▶ What you need to do
Print all the data below exactly, without images.

▶ Material provided
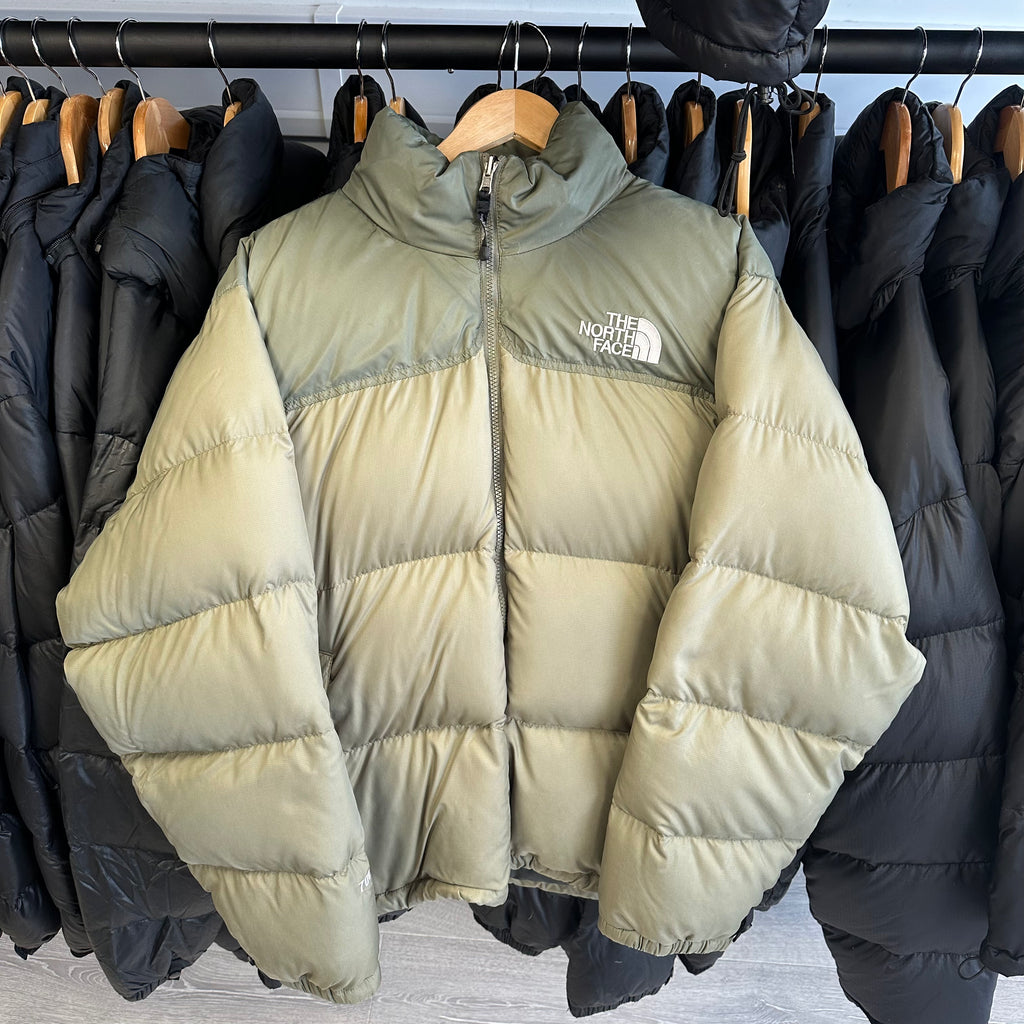 The North Face Pistachio Green Puffer Jacket We Vintage
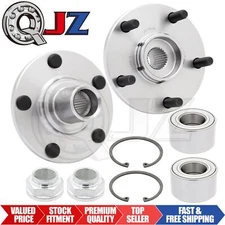 [FRONT(Qty.2)] 518508 New Wheel Hub Kit For 1992-1993 Toyota Camry BASE 2.2L FWD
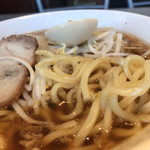 らあめん花月嵐 - 中華麺店 喜楽。
            旨し。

▶ Exercise solution
 The North Face Pistachio Green Puffer Jacket We Vintage
 [FRONT(Qty.2)] 518508 New Wheel Hub Kit For 1992-1993 Toyota Camry BASE 2.2L FWD
 らあめん花月嵐 - 中華麺店 喜楽。
            旨し。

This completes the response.